Nel bestseller “The Gift Of Fear”, Gavin de Becker definisce l’intuito come il nostro sistema di difesa antimissilistico per eccellenza che ci protegge in caso di pericolo. Nella prospettiva di de Becker l’intuito è una risorsa che funziona un po’ come un radar che scandaglia l’ambiente in cerca di potenziali minacce. L’intuito si colloca fra i processi che sono attivi sotto la soglia della consapevolezza ed è capace di produrre collegamenti istantanei che ci fanno vedere al di la delle apparenze (il viaggio da A a Z senza passare per le rimanenti lettere). Fra i modi in cui l’intuito comunica con noi troviamo sensazioni opprimenti, pensieri ricorrenti, curiosità, sospetto, disagio ed infine paura. Eppure a volte l’intuito fallisce clamorosamente e prendiamo delle fregature enormi. Come mai? L’intuito è effettivamente così efficace?

2. Cos’è l’intuito

Innanzitutto occorre darne una definizione. La parola intuito deriva dal latino “intueor” che significa guardare dentro, prestare attenzione, occuparsi di, badare. E’ interessante notare come la stessa parola possa avere un collegamento con il verbo “tuere” fra i cui significati sono riportati: proteggere, difendere, salvaguardare e tutelare, quest’ultimo quello che più ha conservato la somiglianza con la forma latina. Se nella vita quotidiana siamo più abituati a correlare l’intuito con un improvviso colpo di genio, l’etimologia della parola mette in luce la connessione con la nostra sicurezza.

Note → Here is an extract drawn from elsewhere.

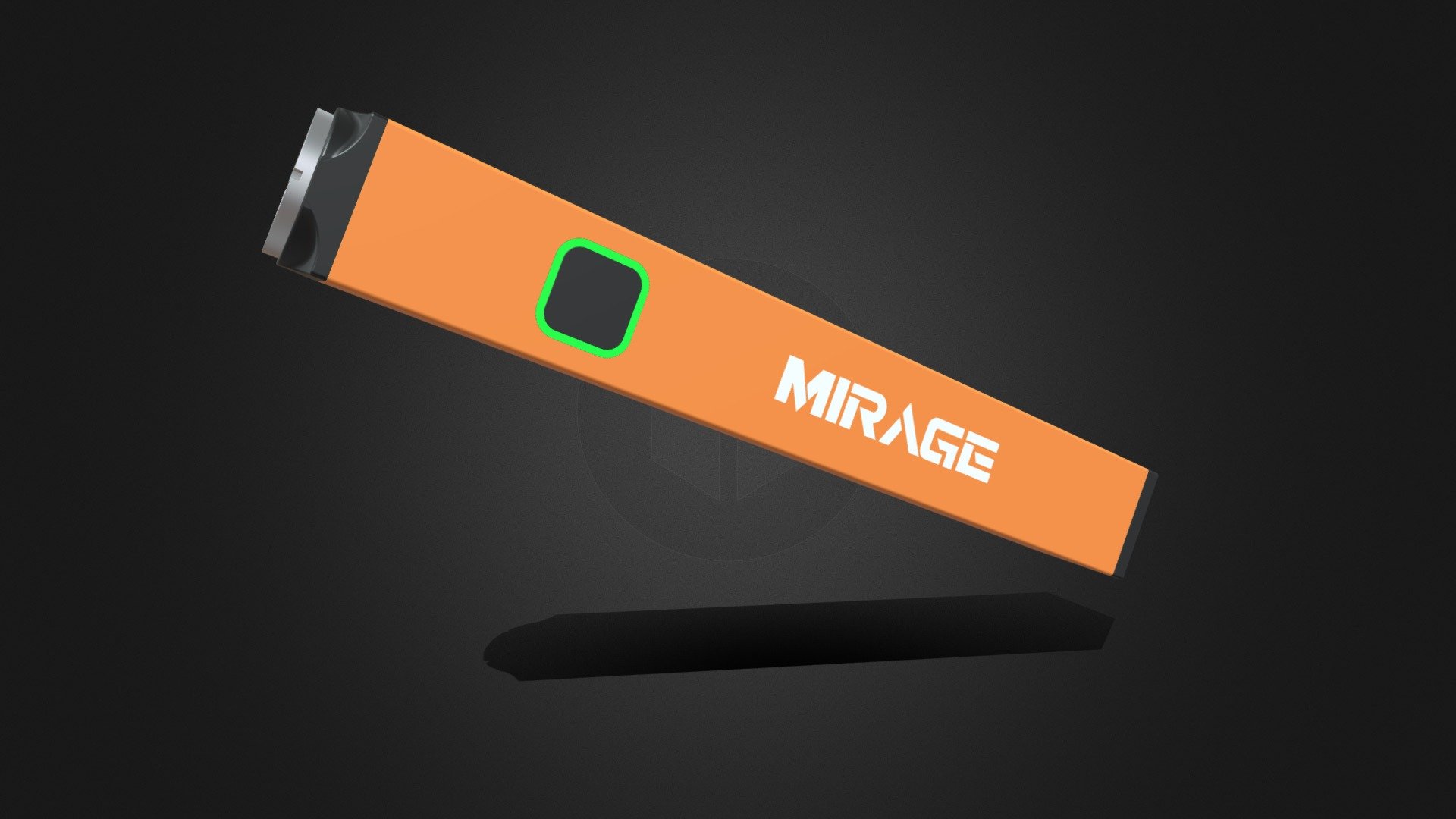 NOVA Mirage Vaping Device - 3D model by Ehtesham Mahmud Nishat (@em ...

Adottando un approccio più scientifico cosa possiamo dire riguardo l’intuito? Le neuroscienze hanno ormai ampiamente dimostrato che la maggior parte dei processi che guidano la percezione e le decisioni avvengono a livello inconscio, vale a dire sotto il livello di consapevolezza della persona. Funzionano in modo automatico, spesso non possono essere interrotti e soprattutto consumano pochissime risorse. Come disse Simon, uno dei padri dell’Intelligenza Artificiale, l’essere umano è un sistema a razionalità limitata. Abbiamo un certo numero di risorse disponibili che deve essere diviso fra tutti i processi che sono in funzione: più un processo è esoso in termini di risorse cognitive, meno risorse sono disponibili per eseguirne altri. Per fare un esempio molto semplice, eseguire a memoria un’operazione aritmetica come 123*7 richiede più concentrazione rispetto a sentire la musica in cuffia mentre si cammina per la strada. Questo comporta che, per evitare di rimanere paralizzato da processi di analisi (un po’ come quando il cursore di Windows diventa una clessidra che comincia a girare) il cervello prediliga tutti quei processi che consumano poche risorse, vale a dire quelli inconsci.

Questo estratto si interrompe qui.